American politics without the McGovern Commission

Say we handwave away the Democratic Party's McGovern Commission in 1968, which basically meant that conventions in '72 and after become filled with less blue-collar delegates and more of the urban-white-liberals and minorities that the Democratic base essentially is today. What would the retention of the Democratic Establishment constituencies as their base minus perhaps the South mean for the American political landscape?
 
This is a subject with which I work professionally, so I can offer up a few ideas.
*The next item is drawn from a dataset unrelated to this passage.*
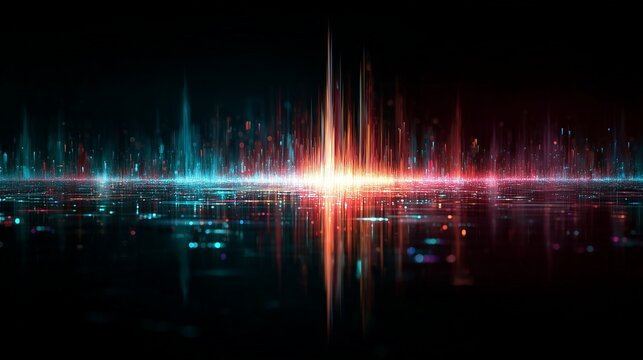 Abstract audio waveform visualization over dark background representing anomaly detection in audio signals and outlier event identification.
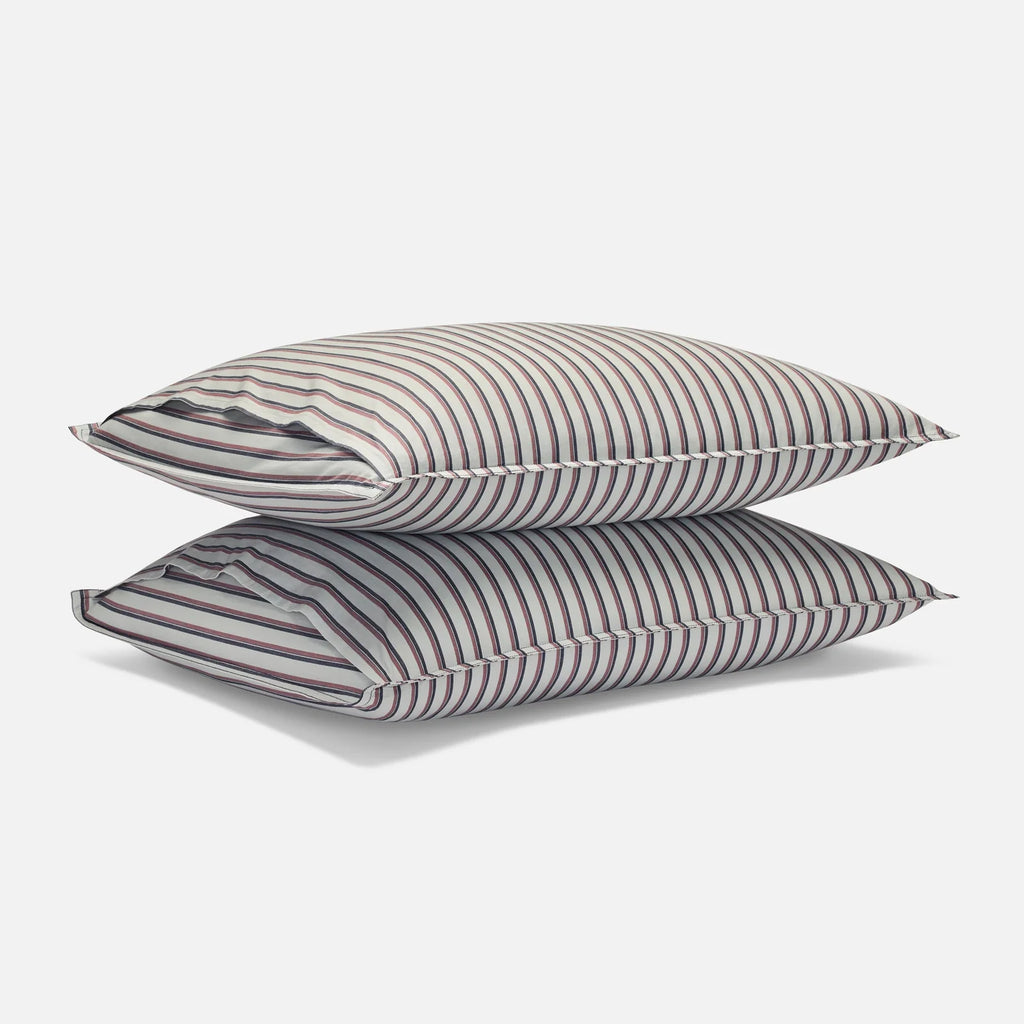 Washed Classic Percale Pillowcase Set in Cotton with Envelope Closures, Standard or King Sizes and Relaxed Stripe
First of all, reform was inevitable. I'm on the road, so I don't have cites handy, but there is a great deal of academic and other work on the delegate selection process and the issues within the party that made some sort of nominating process reform a political imperative. Part of this was the decline in influence among the traditional party bosses that had theretofore controlled state delegations. However, let's assume that a similar set of reforms happen, but it gets delayed by, say, a decade.

The two most obvious outcomes here are that you've eliminated McGovern and Carter as nominees as both won nomination under the new system as relatively unknown insurgents. Who benefits? Probably Hubert Humphrey or Edward Muskie in 1972; Ted Kennedy was still too close to Chappaquiddick. Assuming either one of them loses to Nixon as McGovern did, that leaves a lot of interesting possibilities for 1976. OTL, 1976 had a whole lot of candidates. My guess would be that the nomination would go to someone with close ties to labor who's pretty much in the middle of the party. Maybe in 1976 Kennedy could get support, maybe not. That one's really hard to assess. In 1976, you had a lot of interesting candidates in the field running the gamut from Scoop Jackson on the right to Mo Udall on the left, with some other candidates like Birch Bayh thrown in for good measure. Here's a list: http://en.wikipedia.org/wiki/Democratic_Party_presidential_primaries,_1976

Two of those who dropped out before the primaries began, Mondale and Sanford, might have had some appeal to party leaders under the old system.

However, I think that by 1980 there would have been reform; perhaps even as soon as the aftermath of what would probably have been another lopsided loss to Nixon. Nothing gives reform as much of an impetus as losing elections. It's very possible that you'd have a 1976 nominating process under new rules not unlike what McGovern/Fraser came up with. In that instance, assuming Watergate occurs much as it did in OTL, you might have a McGovern '76 campaign. Unlike 1972, that's a race he'd have a good shot at winning in the fall.